Adam slept in a crib in his mom’s old room, while his parents slept a few feet away. They took care of him, but I did, too. He sat every morning in his baby seat in my kitchen. He played every afternoon in the family room. He gurgled and cooed and smiled and wailed and rolled over and discovered his feet and his hands.
And I watched and I listened and I memorized him.
And for five crazy, hectic, wonderful months, he was a little bit mine.
Even when he moved out, he didn’t move far, just two miles away. I still saw him and his mother almost every day.
That summer when he was new, just two and three and four months old, and his cousin Lucy, who is just 10 months older, was a baby, too, I bought a sturdy double stroller and pushed it all over town. Every day, I’d borrow the kids and walk to the library and the bakery, stopping to talk to everyone I met along the way. "Beautiful babies," people said.
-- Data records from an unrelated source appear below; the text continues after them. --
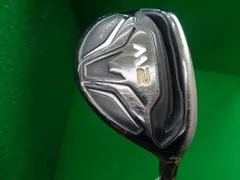 テーラーメードM2ユーティリティ　U4.U5【2本セット】 TaylorMade M2 ユーティリティ U4.U5 2本セット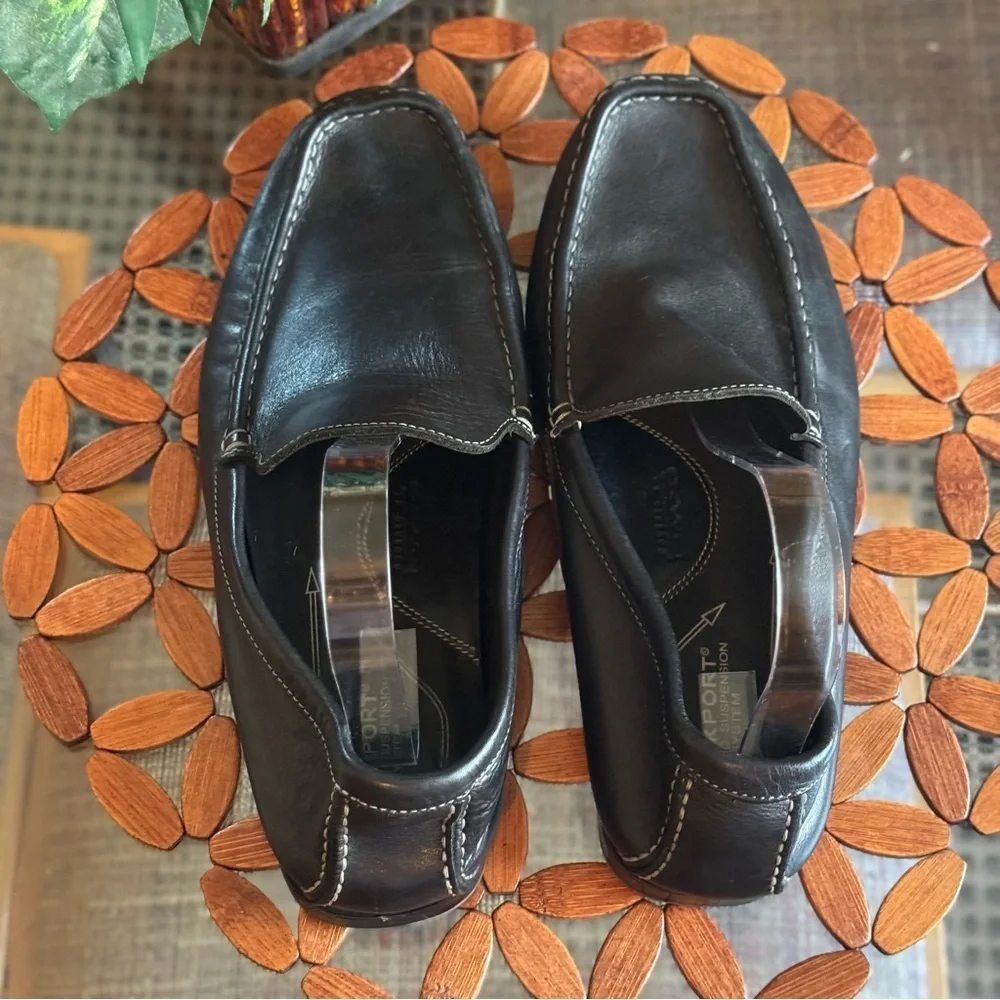 Rockport men dynamic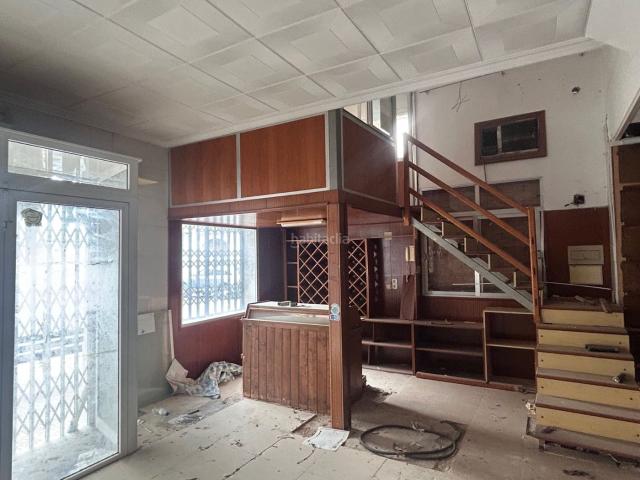 Masía en venta en Jacarilla. Masías.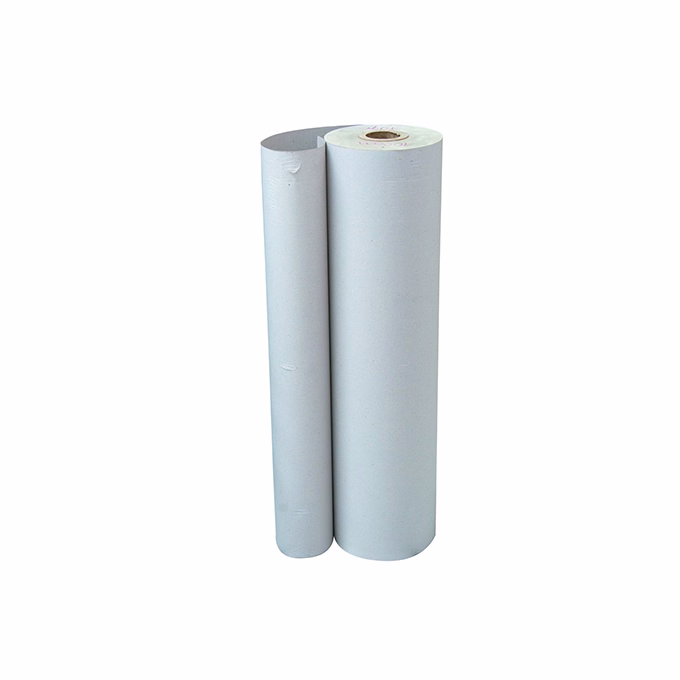 Leszakítóhenger 1,5 m 50 kg/tek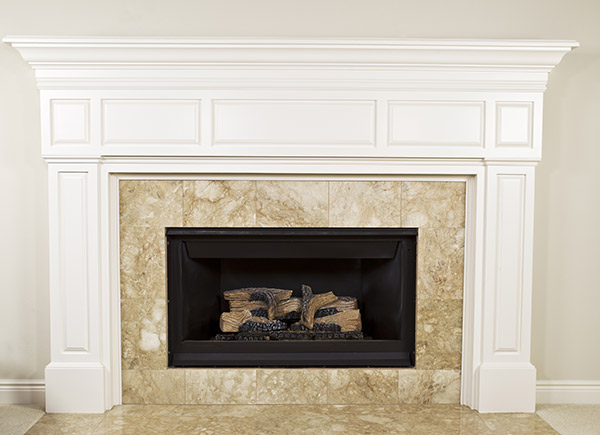 Summer Fireplace Maintenance Tips: Preparing Your Fireplace for the Cold Ahead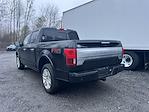 Used 2019 Ford F-150 Platinum SuperCrew Cab for sale #AT64879 - photo 7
And I nodded and smiled. Sometimes the pair of them slept through these walks. Sometimes they looked around. Sometimes they looked around and cried.
It never mattered. That summer was the happiest. And then the next summer was the happiest. And then the next.
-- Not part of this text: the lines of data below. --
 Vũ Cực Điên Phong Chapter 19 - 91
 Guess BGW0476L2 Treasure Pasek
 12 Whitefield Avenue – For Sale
So how long did it last, this walking everywhere, this playing every day? How many summers did we have? Two? Three? I thought my grandchildren would stay babies longer, read board books and play with stack toys – no chapter books for them, not for a long, long time. How could I have believed this? I have kids. I know they grow up.
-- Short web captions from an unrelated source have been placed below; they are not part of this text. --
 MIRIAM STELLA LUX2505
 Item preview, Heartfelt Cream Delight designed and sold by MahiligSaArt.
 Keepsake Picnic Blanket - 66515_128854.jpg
When my own kids were young, I would tuck them into bed at night and say, "No growing while you sleep, okay? It’s not allowed. No getting big while I'm not looking."
But they grew anyway, and it must have been while they slept, because all day, every day, I was with them and I never saw.
I never saw this time, either. All of a sudden my grandbabies are kids. I heard myself talking to my daughters the other day. "So what are the kids doing?" I said. "Did the kids have a good time at Sarah's?" The kids. My head knew. But my heart had no clue.
You see a child every day, or once a week, or once a month. You pick him up at school. You talk to him on the phone. He sleeps over. You play War. And he's the same kid, every time.
And then one day, he isn't. His pants are too short and his sneakers are too small and his arms are three inches longer than his shirtsleeves. And he's talking about things he's never talked about before.
And you look at his face and that's changed, too. You see, for the first time, the 12-year-old he will be, not the two-year-old he was. And you realize that the child he was just last week, just yesterday, is gone.
For every kid they become, children leave another behind. You get used to one and another takes his place. That's life. That’s growth.
Adam will turn seven on April 5. My big boy. Seven. But it’s not his age that rocks my world. It's Adam.
He slept in a crib in his mother's old room. He gurgled and cooed and smiled and wailed.
I loved the infant he was.
He pulled himself up and furniture-walked around the family room floor. He spilled Cheerios everywhere.
I love the toddler he was.
He hung out with Richie in nursery school. And lots of kids in kindergarten.
I love the preschooler he was.
Now he's an earnest first-grader with two missing front teeth who loves math and anagrams and playing Wii and anything Star Wars.
I love all these Adams.
I don't see him every day anymore. But it doesn't matter because when I do, I watch and I listen and I memorize him, because that's all I can do. Enjoy the sweet, toothless boy that Adam is now.